Isn’t this already a thing? Am I missing something here?
Seems pretty handy to have to be honest.
Very nice, but it doesnt work on mobile for whatever reason?
StirlingPDF even integrates the editor in the tools.
I just wish Mozilla got back to focus on making the best browser.
PDF stuff is cool but not why I use a web browser.
Filling in PDF forms online is one of the things I would love to be able to do direct in my browser.
Let’s hope that if they support the shit show XFA is, they manage to support it fully.
The only one that seem to support it fully today is Adobe and I still haven’t been able to find any open source product that was able to close forms in PDFs.
Remember when we needed to use Adobe Reader (or maybe Okular etc.) to view PDFs?
I think it is a very good thing that we can now do that in the web browser.
That was 20 years ago. Numerous PDF readers has surfaced since then.
PDF is not like HTML.PDF is a messy standard where you need Adobe products to support all the shit that a PDF could contain. There is no open source product that for example fully support PDF forms and therefore Mozilla won’t either.
All in saying is that Firefox is a web browser and not a document viewer. Since Mozilla would go bankrupt in two hours if Google stopped showing them with a shitload of money, Mozilla would be wise to focus on the core.
So if Google were to stop paying Mozilla for us to be able to use Firefox for free, we’re all running Chrome.
All in saying is that Firefox is a web browser and not a document viewer
So what do you suppose an HTML document is?
Hint: the clue is in the name.
2nd hint: the first line of any well formed HTML file.
You obviously know very little about PDF since you’re trying to put it on the same level as HTML.
The PDF files that we see in our daily life today is not even halfway as open as HTML is and dealing with them is not as easy as you think.
Furthermore, you’re free to call Firefox a “document viewer”.
I personally prefer a state of the art web browser and a state of the art PDF viewer more than one document viewer that only handles subsets of 2 document types.
Chill Winston, no need to get so aggressive just because you were wrong about the browser not being a document viewer. Because that’s exactly what it is. That’s all. No attack on you, your preferences or ideology. Just facts.
I’m clearly not as well versed on the minutia of PDFs as you are, but I am an expert on browsers and their capabilities as a document viewer.
Your preferences are your own, and I am not here to refute them or change your mind. You keep trucking however you like.
You seeing me as aggressive just because I’m right about Firefox being a web browser is nothing I can do anything about and something you have to work with.

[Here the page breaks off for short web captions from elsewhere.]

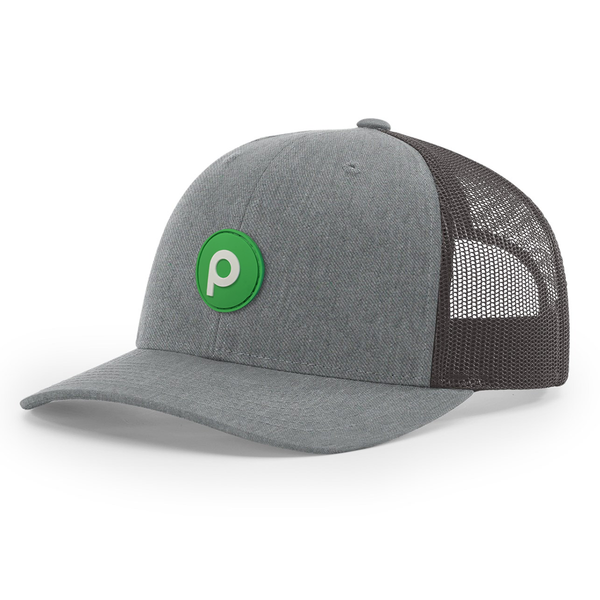 PublixBM115HtrGreyDkChar_grand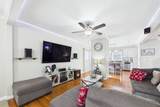 206 Austin St - Photo 5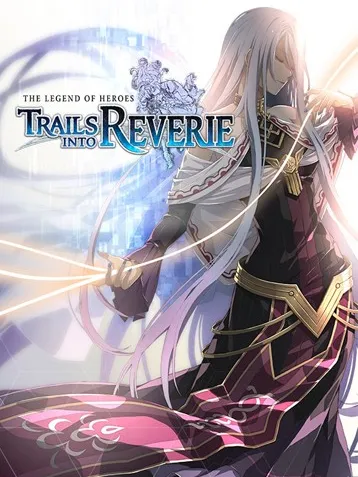 暢玩爐石冒險模式的攻略技巧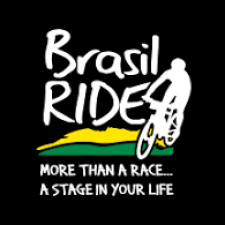 brasilride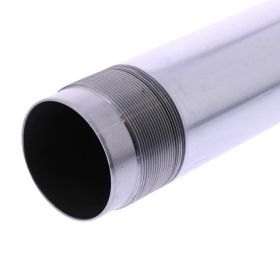Stelo forcella JMP cromato 616mm D.41-37 per Honda CBR 600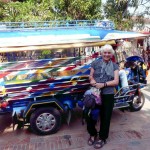 DyTukTukDepart700x525 (Return from Laos: Sneak-Peek)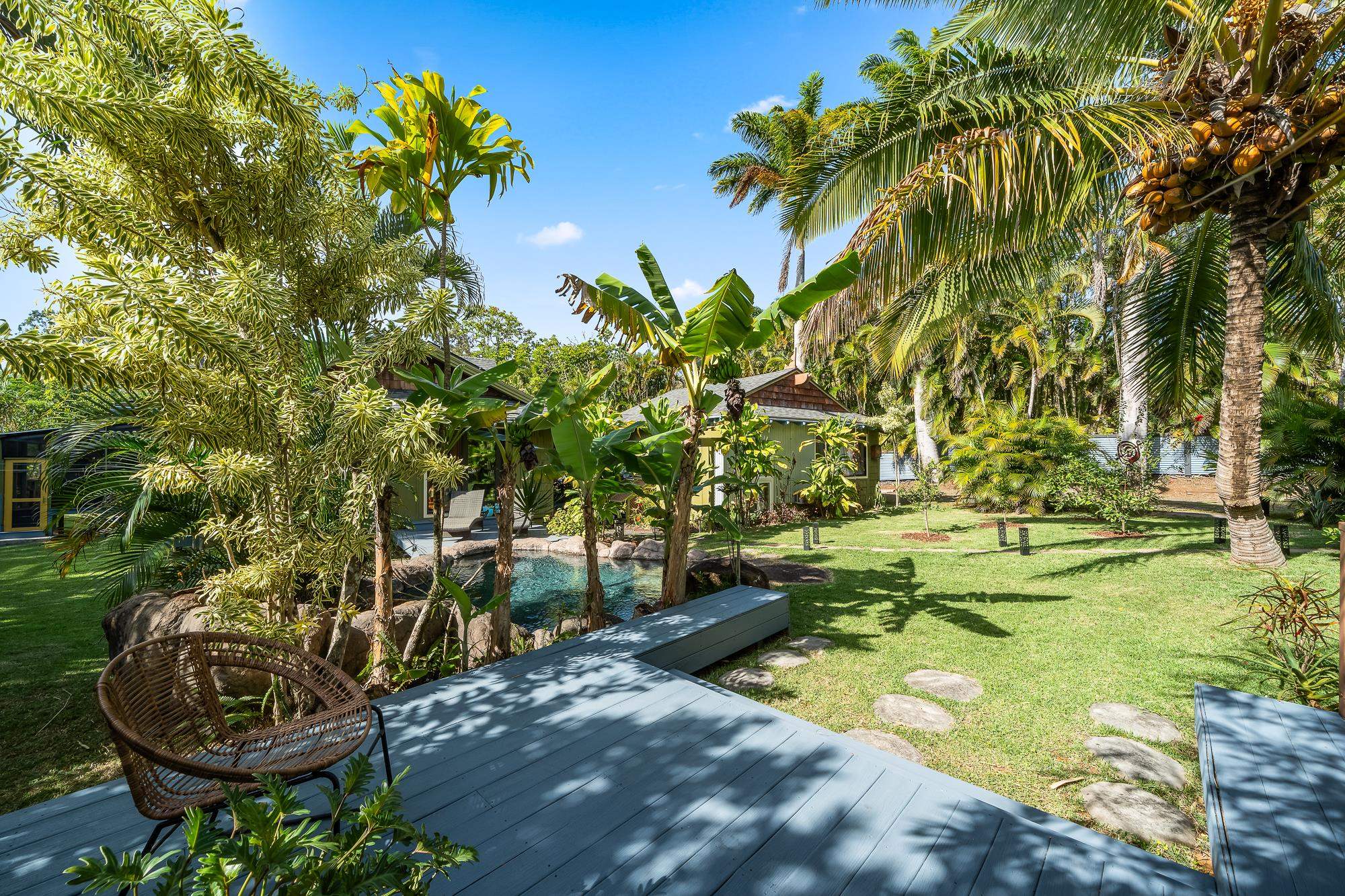 690 E Kuiaha Rd Property Photo 39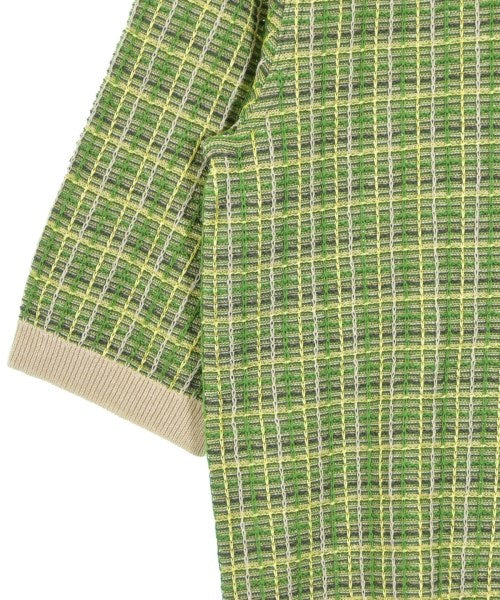 WRAPINKNOT เสื้อกันหนาว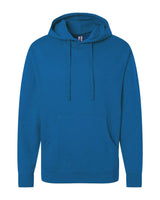 8.5oz. Midweight Pullover Hood - Tiflee Tradex Company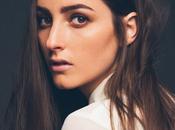Banks’ Sultry Video ‘warm Water’ [video]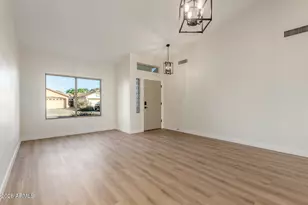 38302 N Sandy Dr, San Tan Valley, AZ 85140 - Photo 7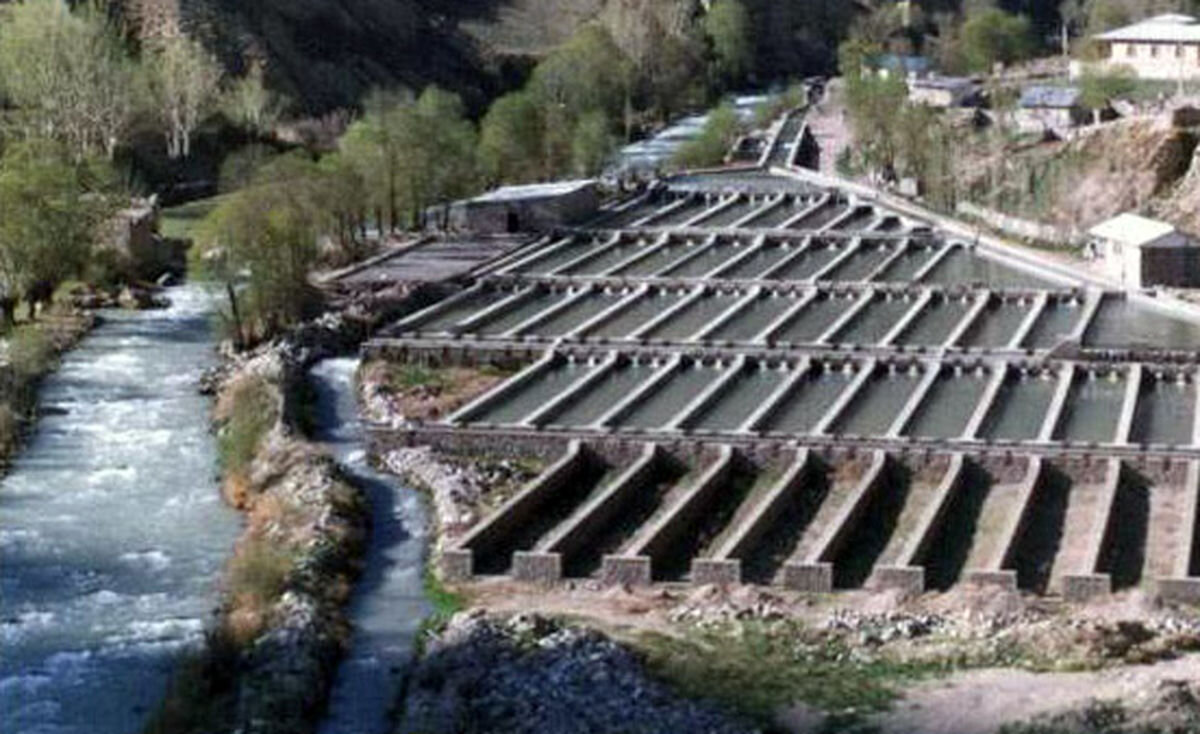 سفر به روستاهای تاریخی کرمانشاه خاطرهای ماندگار برای مهمانان است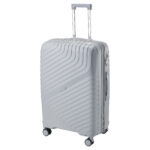 Set 139 - Image 11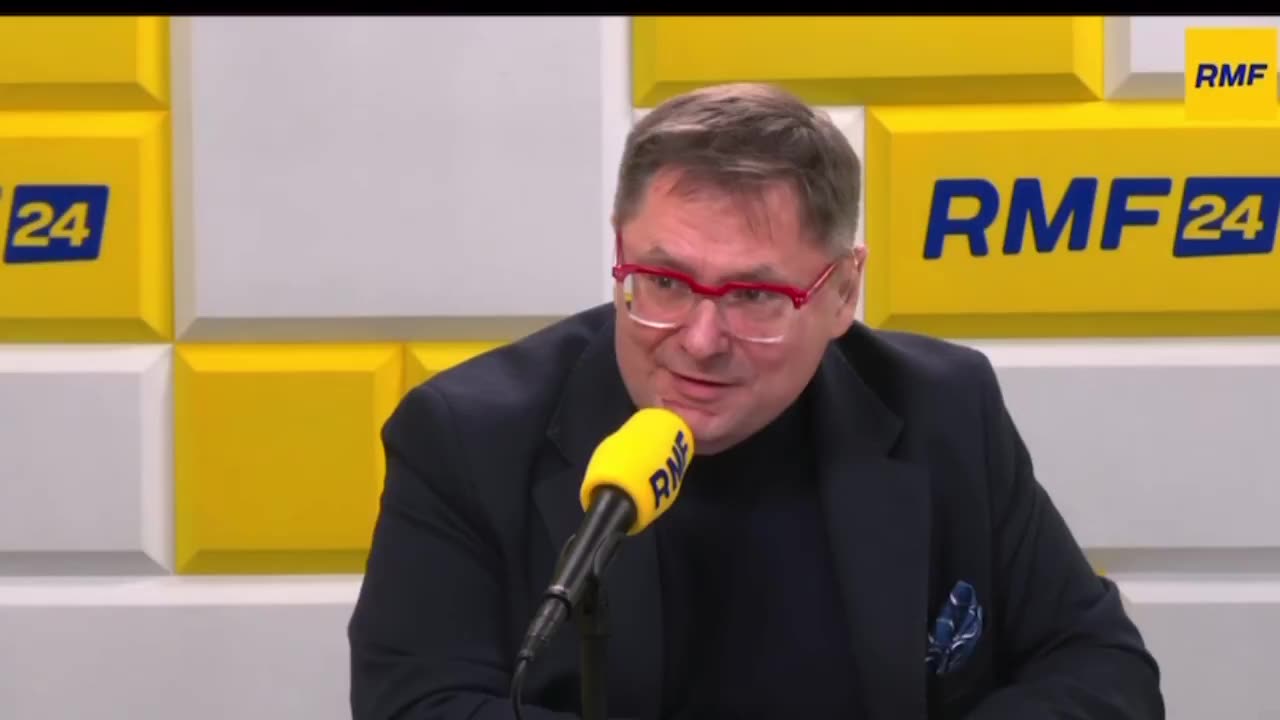 Kogo wyście ministrem zrobili🤦🏼‍♂️😳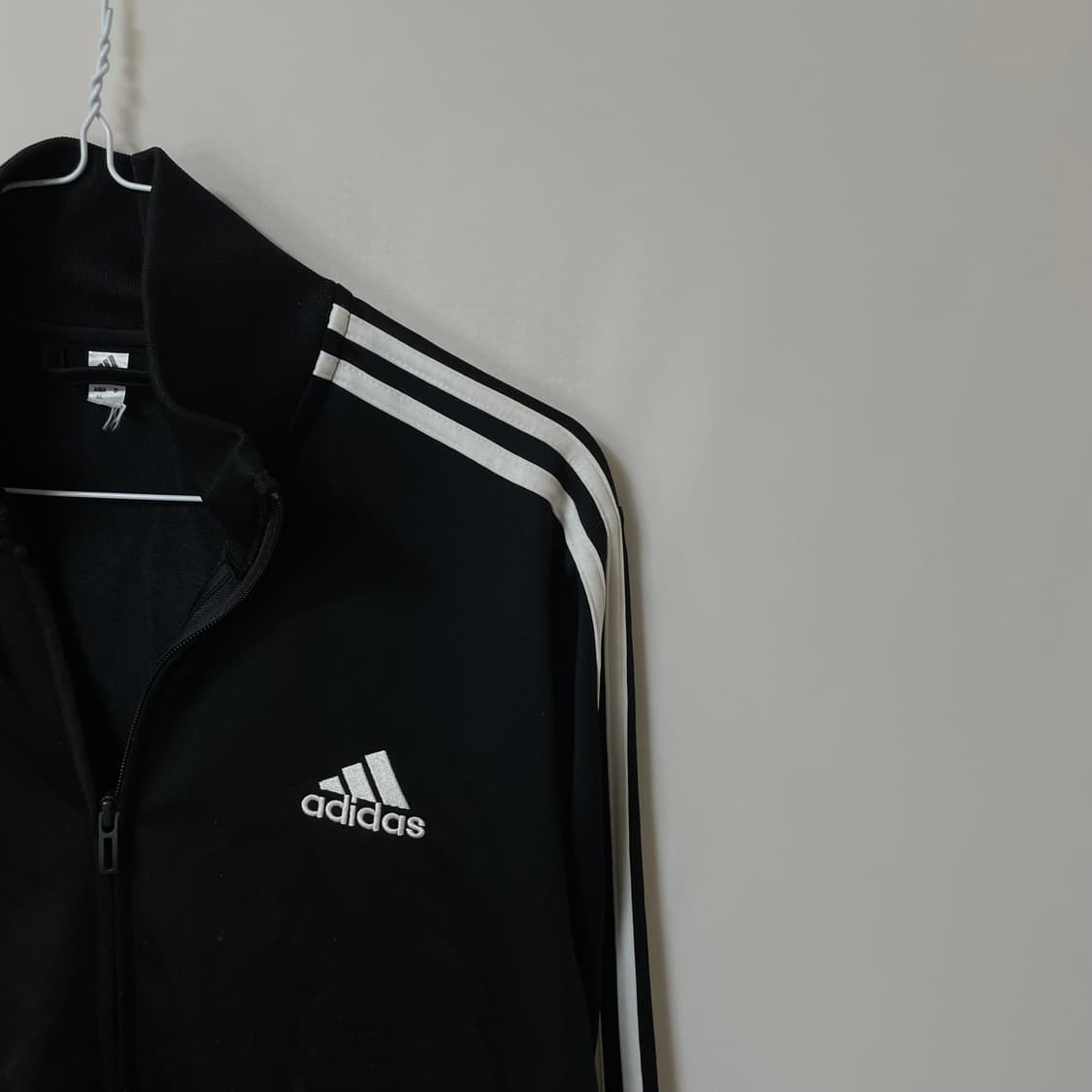 [ M ] 아디다스 파이어버드 트랙탑 져지  상품이미지3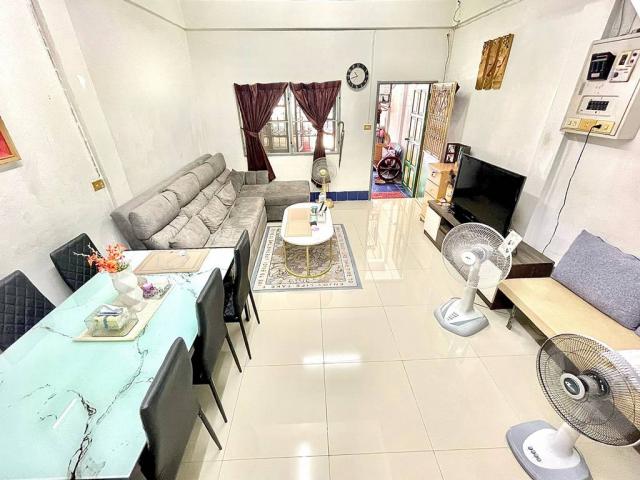 ��º�ҹ �ҧᤡ�ا෾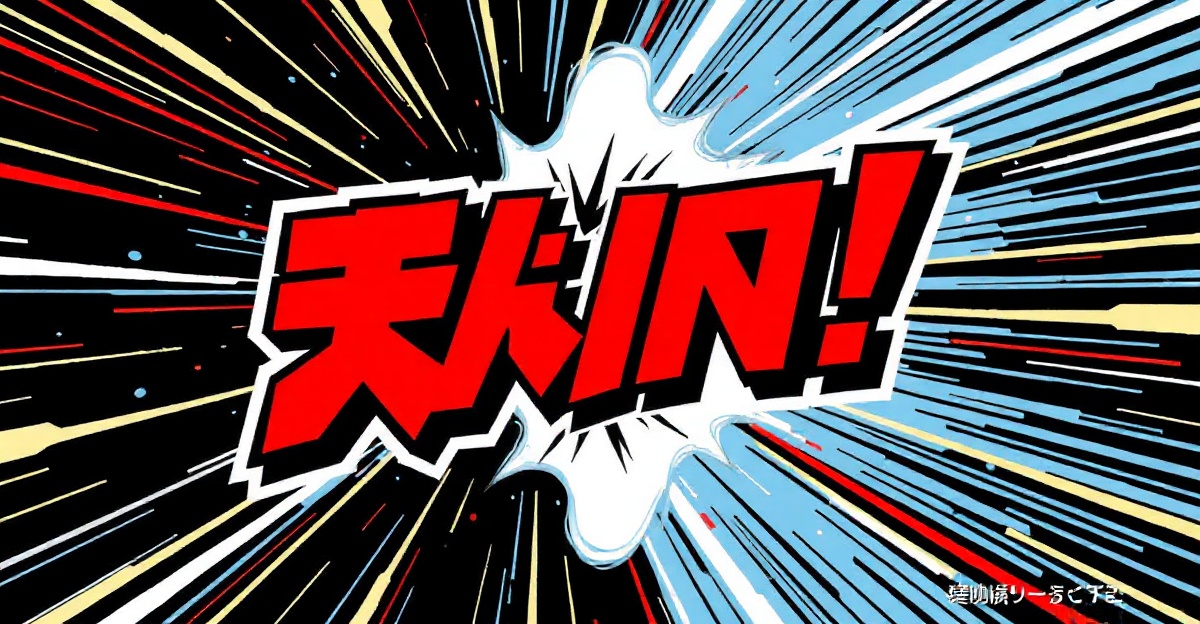 Japanese Onomatopoeia: The Sound Words That Make Japanese so Expressive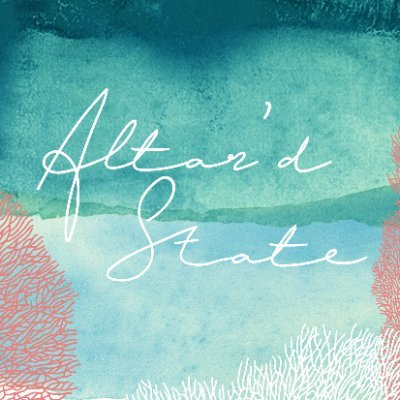 Altar'd State Profile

Me and Mozilla will keep trucking and call Mozilla Firefox a Web Browser… Or as Wikipedia says:
Mozilla Firefox, or simply Firefox, is a free and open-source web browser developed by the Mozilla Foundation and its subsidiary, the Mozilla Corporation.
And you keep calling Firefox your banana or whatever. It’s ok. I promise to continue to not being aggressive about it.
Banana or not, a document viewer / editor that handle a subset of two standards is not a very versatile document viewer / editor.
So back to my original point: Since Mozilla doesn’t have a very stable business model it seems dangerous to focus on other things than making their web browser the best at browsing the web.
Ps. It took us over 20 years to get rid of the cluster f***s Internet Explorer and Flash was and it seems we should have learned the lesson by now. Going down the same route as before, starting to support standards that rely on patents owned by a third party (Adobe in this case) is definitively not a death sentence in any way, but history has shown us that it’s a slippery slope that has many different paths and endings.
The audacity of them adding features. I’m a bit disappointed Big Mozilla haven’t solely focused on what mindlight is using their browser for too (whatever that is).